The time has come to provide the Company with the direction and
leadership it requires through a new shareholder-focused board. We
are committed to bringing passion and purpose back into the Company
and delivering strong shareholder returns in an ethical and
environmentally sound way. EVERY VOTE WILL COUNT AND YOU MUST
TAKE ACTION. This is the last chance to preserve and build
value in the Company. After this Meeting, it will be too late.
Sincerely,
Daniel Russell
Director & Shareholder, Synex International Inc.
Advisors
Daniel Russell has retained Dentons Canada LLP as legal
counsel, and Kingsdale Advisors as his strategic shareholder
advisor and proxy solicitation agent.
ADDITIONAL INFORMATION
This news release is also issued pursuant to the early warning
requirements under applicable Canadian securities laws.

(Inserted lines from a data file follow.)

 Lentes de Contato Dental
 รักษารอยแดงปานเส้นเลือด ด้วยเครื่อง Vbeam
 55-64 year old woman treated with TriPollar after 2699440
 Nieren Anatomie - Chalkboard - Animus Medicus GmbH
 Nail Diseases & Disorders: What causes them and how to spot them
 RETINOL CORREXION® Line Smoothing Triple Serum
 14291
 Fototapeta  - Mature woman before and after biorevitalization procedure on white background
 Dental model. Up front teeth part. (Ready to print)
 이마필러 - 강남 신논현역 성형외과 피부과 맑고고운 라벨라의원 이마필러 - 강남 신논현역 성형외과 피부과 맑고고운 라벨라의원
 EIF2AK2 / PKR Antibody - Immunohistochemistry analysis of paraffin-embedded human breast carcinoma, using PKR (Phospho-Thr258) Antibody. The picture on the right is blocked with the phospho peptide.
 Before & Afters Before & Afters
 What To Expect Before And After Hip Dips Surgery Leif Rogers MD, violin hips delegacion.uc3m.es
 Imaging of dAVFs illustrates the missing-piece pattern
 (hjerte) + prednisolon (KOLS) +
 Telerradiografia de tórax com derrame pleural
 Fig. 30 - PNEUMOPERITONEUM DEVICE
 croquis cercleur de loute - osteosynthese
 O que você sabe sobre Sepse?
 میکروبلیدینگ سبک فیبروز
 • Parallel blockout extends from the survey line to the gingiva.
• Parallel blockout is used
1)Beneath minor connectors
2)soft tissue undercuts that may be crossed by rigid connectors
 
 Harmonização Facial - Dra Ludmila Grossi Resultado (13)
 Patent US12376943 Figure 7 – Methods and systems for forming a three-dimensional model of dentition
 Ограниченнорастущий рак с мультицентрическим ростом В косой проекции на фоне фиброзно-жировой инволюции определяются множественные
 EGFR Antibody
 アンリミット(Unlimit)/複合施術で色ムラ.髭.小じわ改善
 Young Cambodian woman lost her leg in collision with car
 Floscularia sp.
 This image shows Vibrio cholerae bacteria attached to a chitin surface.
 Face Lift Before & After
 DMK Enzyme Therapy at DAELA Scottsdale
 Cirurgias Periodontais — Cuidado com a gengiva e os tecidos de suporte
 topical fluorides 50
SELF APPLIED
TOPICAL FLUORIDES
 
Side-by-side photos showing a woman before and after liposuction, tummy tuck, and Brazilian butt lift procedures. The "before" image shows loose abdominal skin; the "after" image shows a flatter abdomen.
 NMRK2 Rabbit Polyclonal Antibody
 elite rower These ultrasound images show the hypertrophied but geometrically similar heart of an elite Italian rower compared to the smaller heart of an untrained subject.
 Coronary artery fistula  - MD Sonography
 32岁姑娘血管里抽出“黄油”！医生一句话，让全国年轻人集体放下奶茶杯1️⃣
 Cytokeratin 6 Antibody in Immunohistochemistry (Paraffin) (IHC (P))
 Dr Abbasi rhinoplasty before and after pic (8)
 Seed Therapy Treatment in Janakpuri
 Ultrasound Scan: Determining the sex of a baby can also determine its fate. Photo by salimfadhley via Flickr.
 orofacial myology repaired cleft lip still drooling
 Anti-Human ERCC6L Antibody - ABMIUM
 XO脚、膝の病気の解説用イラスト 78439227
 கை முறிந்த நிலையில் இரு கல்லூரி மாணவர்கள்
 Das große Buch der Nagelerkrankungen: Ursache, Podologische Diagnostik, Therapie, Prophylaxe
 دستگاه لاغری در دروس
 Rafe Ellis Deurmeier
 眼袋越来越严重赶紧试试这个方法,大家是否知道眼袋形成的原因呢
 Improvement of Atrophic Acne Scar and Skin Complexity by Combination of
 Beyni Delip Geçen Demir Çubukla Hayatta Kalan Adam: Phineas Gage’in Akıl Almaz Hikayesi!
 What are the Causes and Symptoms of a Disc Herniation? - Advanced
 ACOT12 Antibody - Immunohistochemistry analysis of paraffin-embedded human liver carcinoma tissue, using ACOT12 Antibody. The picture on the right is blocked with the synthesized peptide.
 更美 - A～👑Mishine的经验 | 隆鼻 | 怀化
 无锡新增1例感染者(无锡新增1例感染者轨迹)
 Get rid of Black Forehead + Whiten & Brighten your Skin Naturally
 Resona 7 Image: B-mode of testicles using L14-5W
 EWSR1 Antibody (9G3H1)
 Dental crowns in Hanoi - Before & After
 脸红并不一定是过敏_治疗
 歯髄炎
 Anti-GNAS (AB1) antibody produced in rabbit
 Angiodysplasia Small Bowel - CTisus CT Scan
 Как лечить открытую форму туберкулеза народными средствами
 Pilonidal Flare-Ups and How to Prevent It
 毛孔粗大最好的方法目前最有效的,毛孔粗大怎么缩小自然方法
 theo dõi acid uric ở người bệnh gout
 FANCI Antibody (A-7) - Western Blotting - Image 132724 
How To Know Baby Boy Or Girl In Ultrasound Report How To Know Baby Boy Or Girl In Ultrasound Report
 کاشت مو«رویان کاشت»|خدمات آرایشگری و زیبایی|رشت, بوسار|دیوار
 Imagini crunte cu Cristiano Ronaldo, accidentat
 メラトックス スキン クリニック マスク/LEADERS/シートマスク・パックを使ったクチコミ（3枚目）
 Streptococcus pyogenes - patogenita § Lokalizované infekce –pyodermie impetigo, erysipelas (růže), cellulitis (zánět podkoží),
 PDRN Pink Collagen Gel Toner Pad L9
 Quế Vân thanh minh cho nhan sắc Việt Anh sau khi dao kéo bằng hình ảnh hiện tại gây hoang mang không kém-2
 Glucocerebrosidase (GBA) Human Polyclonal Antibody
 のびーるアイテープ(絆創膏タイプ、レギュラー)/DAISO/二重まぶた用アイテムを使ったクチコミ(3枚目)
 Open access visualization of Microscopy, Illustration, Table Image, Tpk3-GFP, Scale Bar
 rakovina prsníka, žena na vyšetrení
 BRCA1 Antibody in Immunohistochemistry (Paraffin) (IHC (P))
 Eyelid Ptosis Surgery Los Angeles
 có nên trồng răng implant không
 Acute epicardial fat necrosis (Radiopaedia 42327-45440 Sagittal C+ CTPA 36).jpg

Daniel Russell, Tanya DeAngelis, Russell Family Holdings Inc.
and Joan Arietta Russell
(collectively, the "Concerned Shareholders") may be
considered to be acting jointly or in concert with each other as a
result of such shareholders having an agreement, commitment or
understanding to exercise jointly voting rights in connection with
their Common Shares, such agreement, commitment or understanding
having occurred on September 29,
2017. Mr. Russell, Tanya
DeAngelis, Russell Family Holdings Inc. and Joan Arietta Russell own or control 11,979,000,
1,028,000, 1,935,500 and 330,000 Common Shares, respectively, and
the Concerned Shareholders, as a group, own an aggregate of
15,272,500 Common Shares, representing approximately 43.96% of the
current outstanding Common Shares. A copy of the early warning
report to which this news relates will be available under the
Company's SEDAR profile at www.sedar.com. For further
information or to obtain a copy of the early warning report in
connection with this news release after it has been filed, please
contact Daniel Russell at 64
Dalkeith Drive, Brantford, Ontario
N3P 1N6.
Except where otherwise stated herein, the statements contained
in this press release are not made by or on behalf of the
management of the Company but are made by or on behalf of the
Concerned Shareholders. Information concerning the business
of the Concerned Shareholders to be considered at the Meeting is
contained in the Circular. The Circular is available for review on
the Company's SEDAR profile at www.sedar.com.
The Company's head office is 400 - 1444 Alberni Street,
Vancouver, British Columbia,
Canada, V6G 2Z4. A copy of this press release may be obtained on
the Company's SEDAR profile at www.sedar.com.